The United States of America is the only major democratic country in the world that continues to use diplomatic positions for rewarding political connections and it seems that the Obama administration has taken this concept to a new high. Statistics show that in the current tenure of President Obama’s presidency, about 37 percent of foreign diplomacy posts have been awarded to political friends. We are not saying that this is something new as these posts have been used like this throughout the history of United States of America; the issue is that while campaigning for the elections, President Obama made a promise to put an end to the back scratching policies prevalent in the Washington.
- The issue:
A string of recent embarrassing mistakes by the foreign diplomats has brought the spotlight back on this disputed policy of awarding the posts of ambassadors for political benefits. Whitehouse faced some serious and difficult question at the last week’s press meet when the Obama’s nominee to Argentina admitted that he has never visited the country in his past.

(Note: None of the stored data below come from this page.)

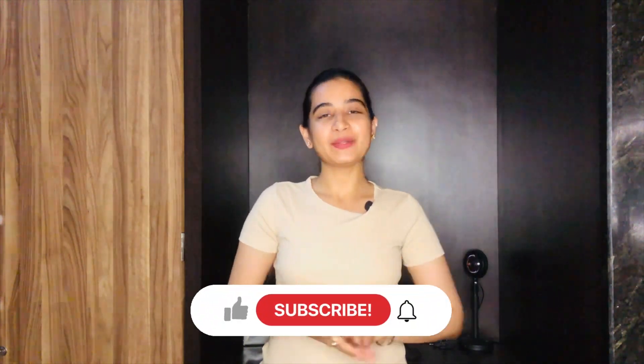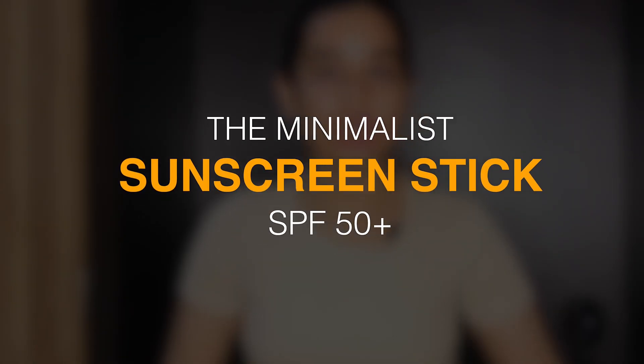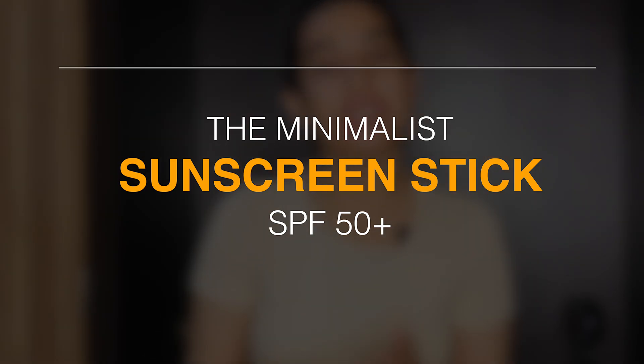Hey everyone, welcome back to my channel! Today I want to talk about a product that has become essential in our daily skincare routine — it's the minimalist stick sunscreen with SPF 50 plus, and I am absolutely in love with it.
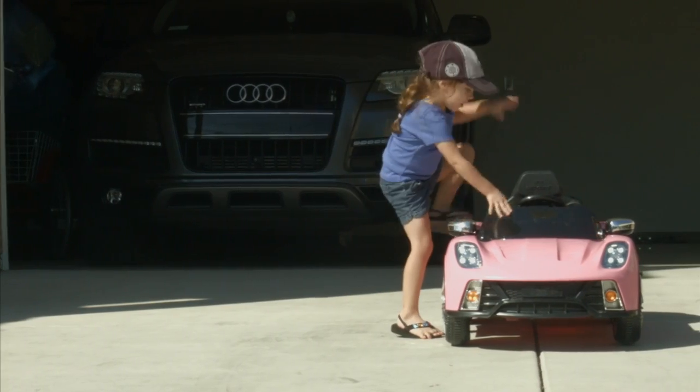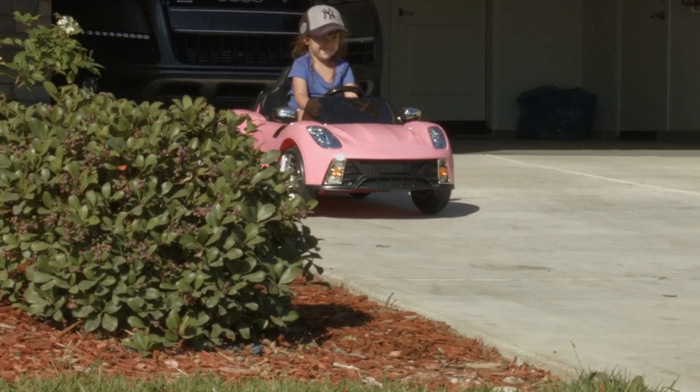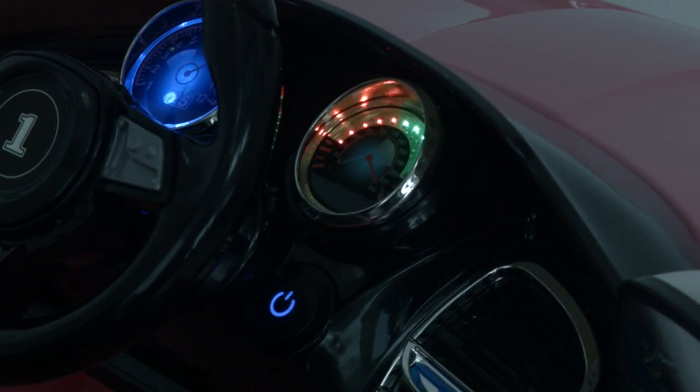Best Choice Products presents this new electric ride-on sports car with controller. Made of sturdy ABS plastic, this ride-on car features four wheels, speakers, functional head and rear lights, and automotive sound.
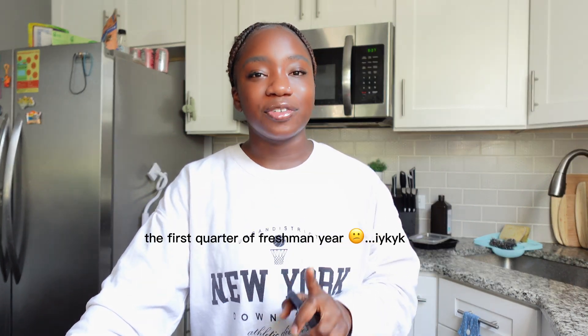Before starting college, I heard so much about STEM students and how hard their coursework was, but I have managed to stay on Dean's List every single quarter except one my entire college career and I think I have some pretty valuable tips on how to do the same. So continue watching if you want to know how to get good grades as a STEM major, how to study, how to organize, and how to take care of your mental health.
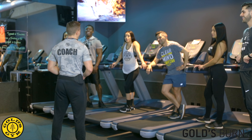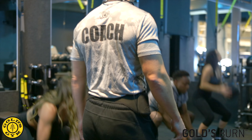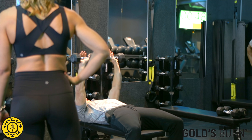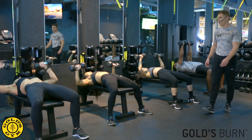Have you heard? Gold's Gym now offers Gold's Burn. Join us for a full body workout that combines cardio-based interval training with resistance training to help get you the best possible workout out there. You're going to burn calories, increase your metabolism, as well as build your endurance.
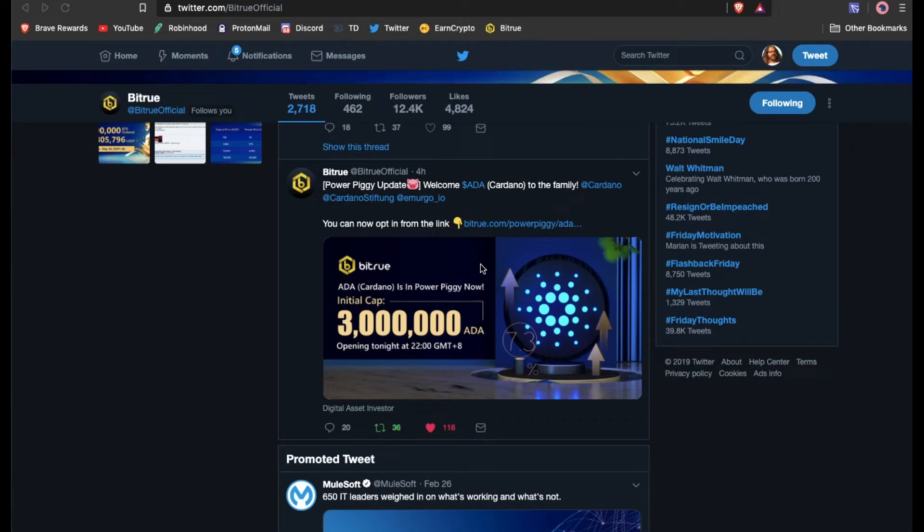Today is May 30th and it looks like we have some great news from BitTru this morning. We have the ADA Power Peggy and you can earn 7.3% annually off of staking your ADA coins, which is a pretty nice return if you're not doing any kind of trading and you're just kind of buying and hodling.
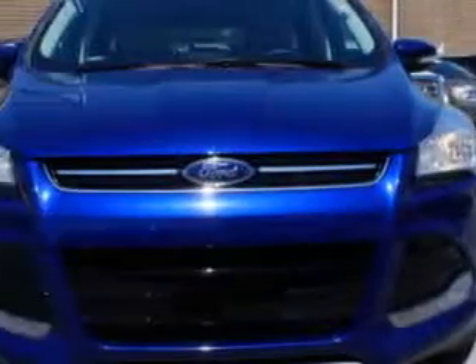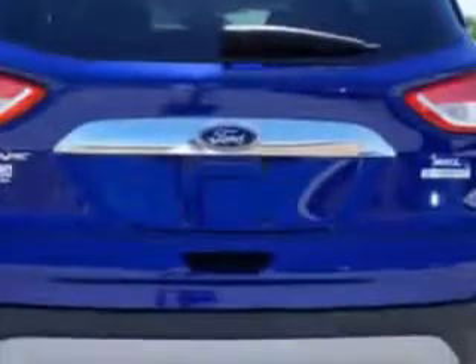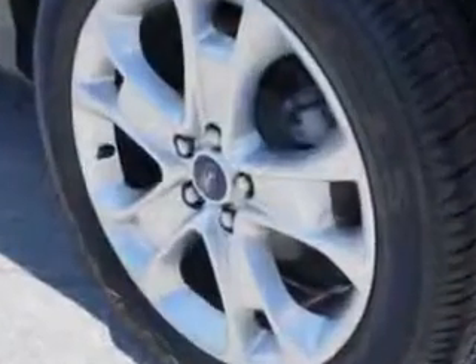This 2013 Ford Escape has a four-cylinder engine and an automatic transmission. Enjoy 33 miles to the gallon on this great SUV with remote-powered door locks, rich leather upholstery, heated seating, heated outside mirrors, and more.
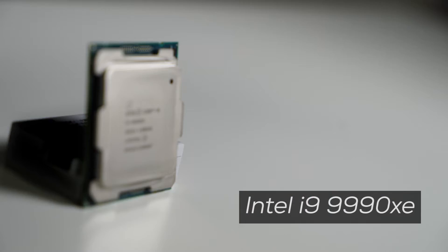Hey everyone, this is Brad from the iBuyPower product team. Today we're going to be taking a look at a new CPU from Intel, the 9990XE.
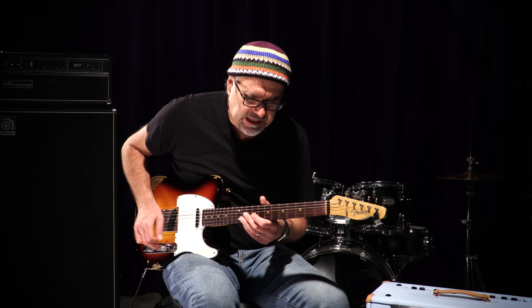Weighing in at 6.75 pounds, this glorious little treat has a serial number as follows: R93858. It's got those delicious-sounding underwound pickups — nice and glassy.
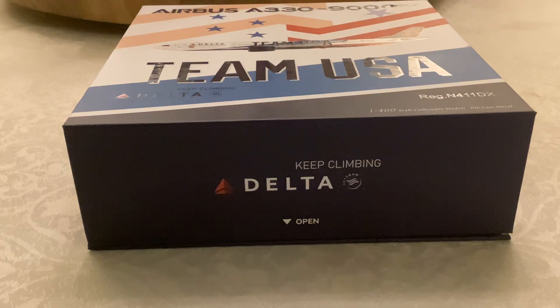Good evening everyone, this is Marley, I'm here today. We're going to do another brand new model review. This is an NG-1400 scale Delta Airlines Airbus A330-900neo.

- This is not something new:
Appointments to foreign diplomatic posts that are politically motivated is not something that has fallen straight out of the blue. If we take a look back at how President Obama’s appointments stack up against those of his predecessors in the Whitehouse then we find that this is a usual practice followed by almost everyone. Under the presidency of former President Bill Clinton about 28 percent of these appointments were done for political reasons while under the President George w Bush this percentage increased up to 30 percent. Statistics show that in the past about one third of these appointments have been politically motivated. But under the current regime this figure of one third appointments has increased to a staggering 53 percent. That means that less than half of these appointments came from the Foreign Service pool.
Christian Whiton, who has formerly held the key position of State Department Adviser in the Bush Administration commented by saying that “Obama is pushing the envelope”.
This has been a bipartisan practice and hence has not been widely criticized but if we consider the performance during the confirmation hearings of the latest appointments then it raises the concern that the Obama administration is probably sending the wrong message abroad.
If we look at this practice from a different angle then we would find that rewarding the donors with such positions has been a part of the Whitehouse’s history but sending those donors who are completely blank on the situations and issues of the countries to which they are being appointed as ambassadors is something that has never been seen before.
When we raised doubts over such appointments, the state department spokeswoman Jen Psaki said that many esteemed U.S. Ambassadors have come from outside the Foreign Service pool, she even cited the example of Sargent Shriver in France. She said that it won’t be wise to assume that they will not perform well, she stressed on the fact that they have had tougher hearings and they deserve some time before any judgment is made.